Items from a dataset
******

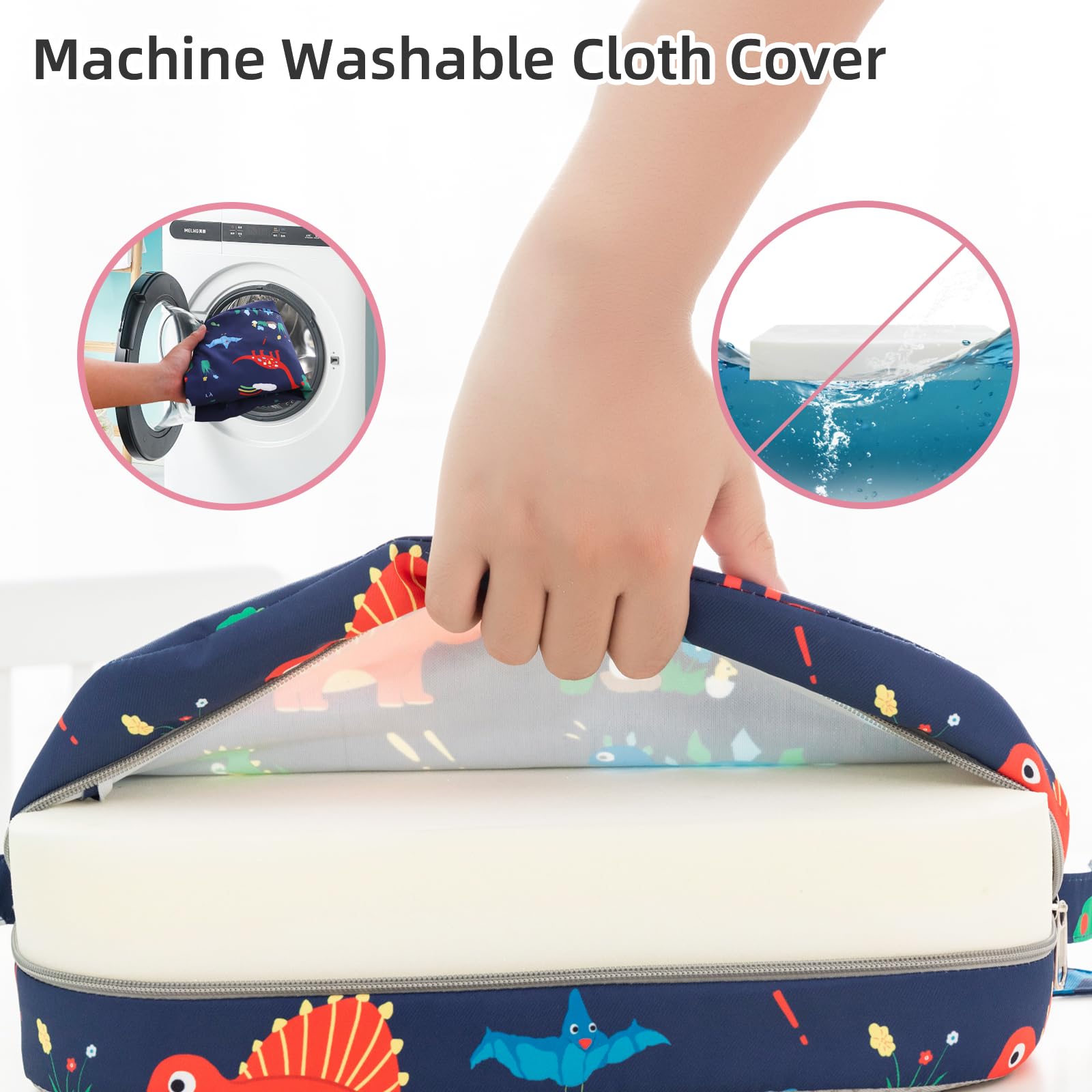 Eiury Toddler Booster Seat for Dining Table, Portable Kids Booster Seat with Safety Buckles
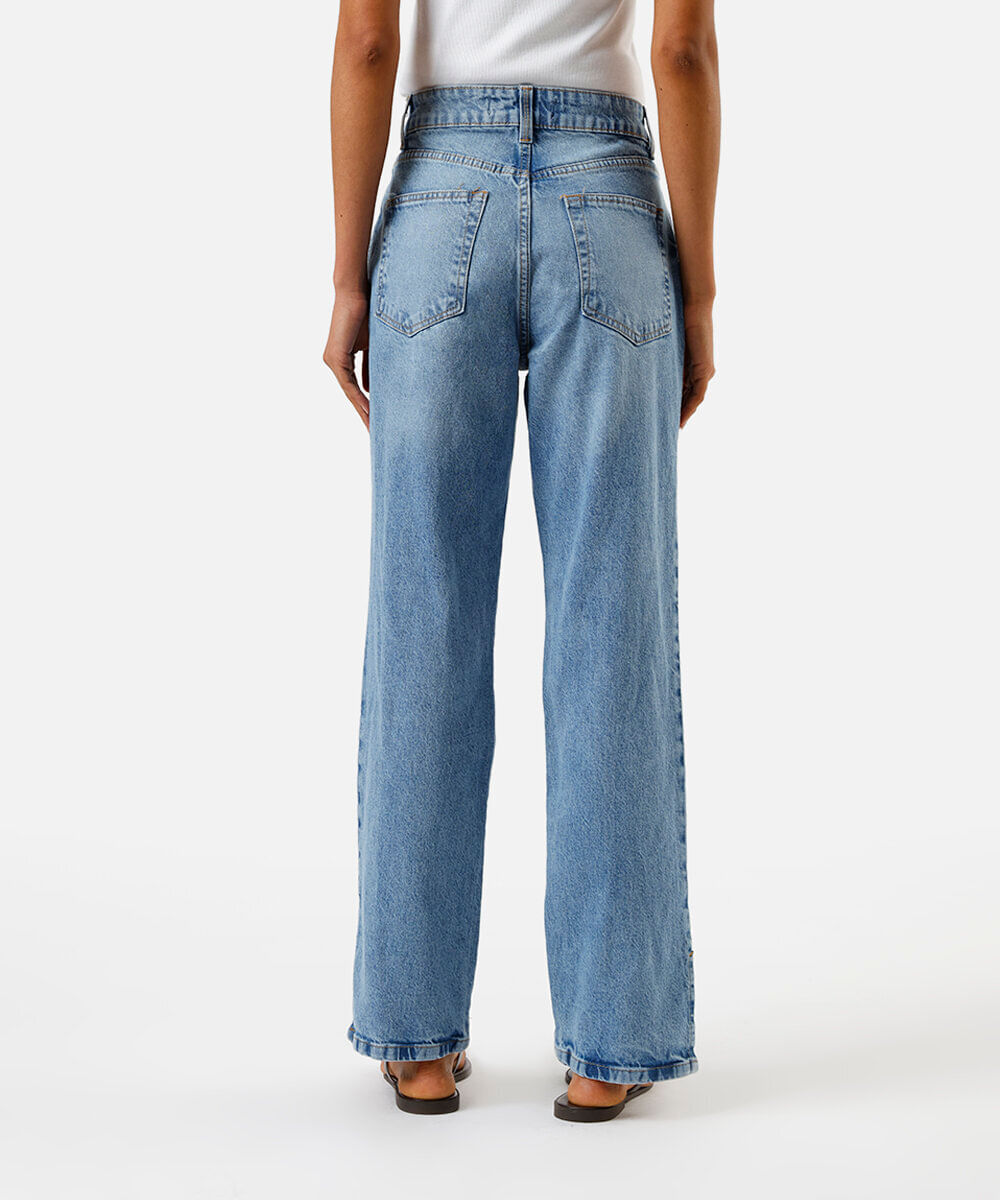 calça feminina jeans reta cintura alta slit azul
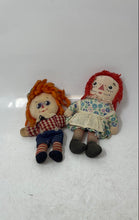 Load image into Gallery viewer, Lot Of 2 Pcs Vintage Cloth Rag Striped Legs Floral Dress Plaid Shirt Mixed Doll
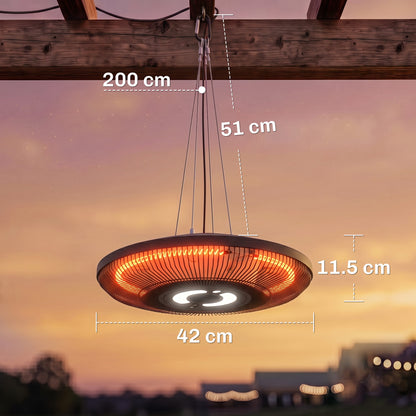 2000 W Hanging Electric Patio Heater with LED Light, IP65, Black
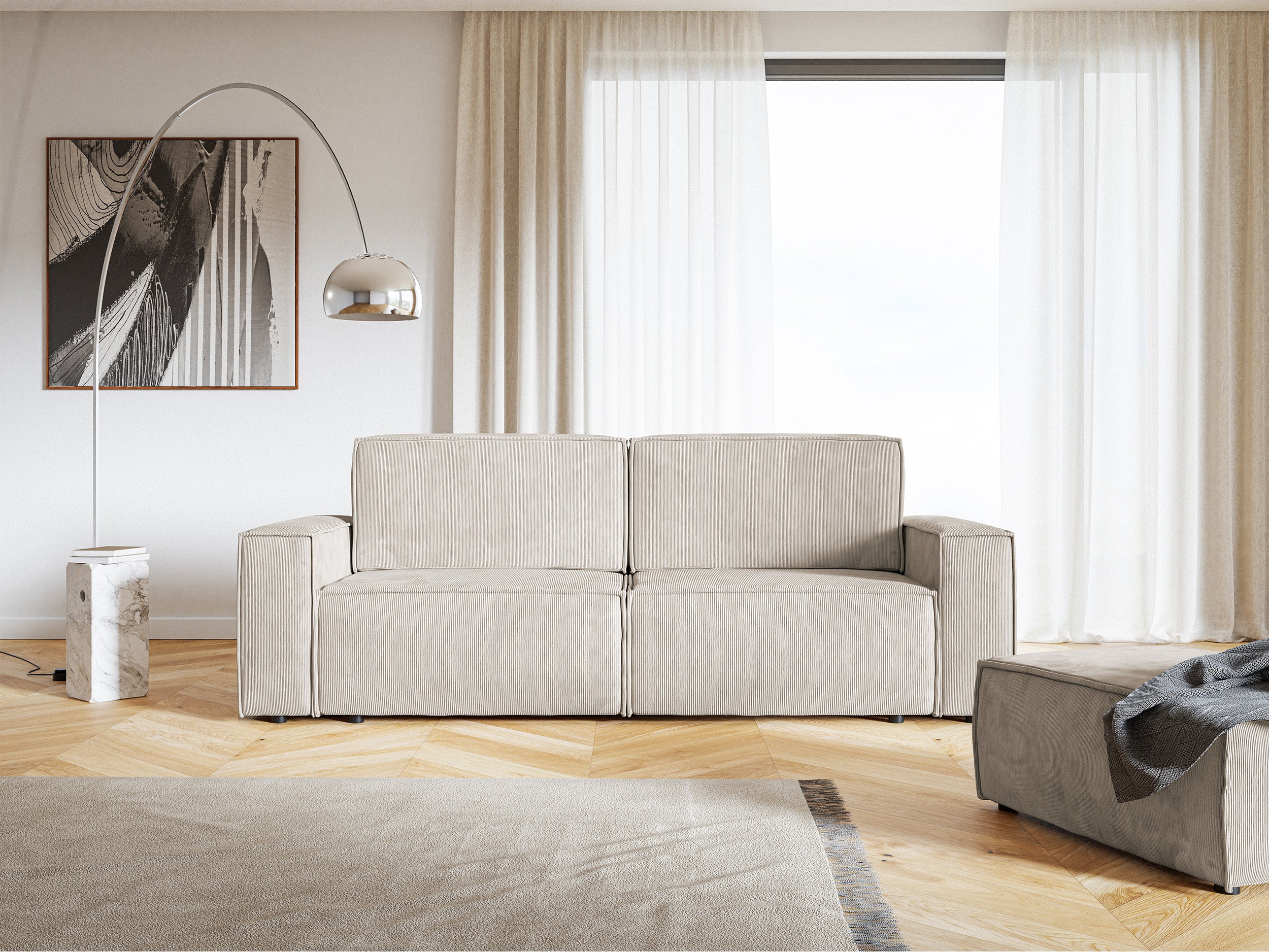 Dreisitziges ausklappbares Sofa Copertino, beige Cord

******

» Exercise aim: Give again, word for word, the line that contains "calça feminina jeans" and every line after it through the end of the entries; omit the pictures.

» Response for this exercise:
 calça feminina jeans reta cintura alta slit azul
 Load image into Gallery viewer, Lot Of 2 Pcs Vintage Cloth Rag Striped Legs Floral Dress Plaid Shirt Mixed Doll
 2000 W Hanging Electric Patio Heater with LED Light, IP65, Black
 Dreisitziges ausklappbares Sofa Copertino, beige Cord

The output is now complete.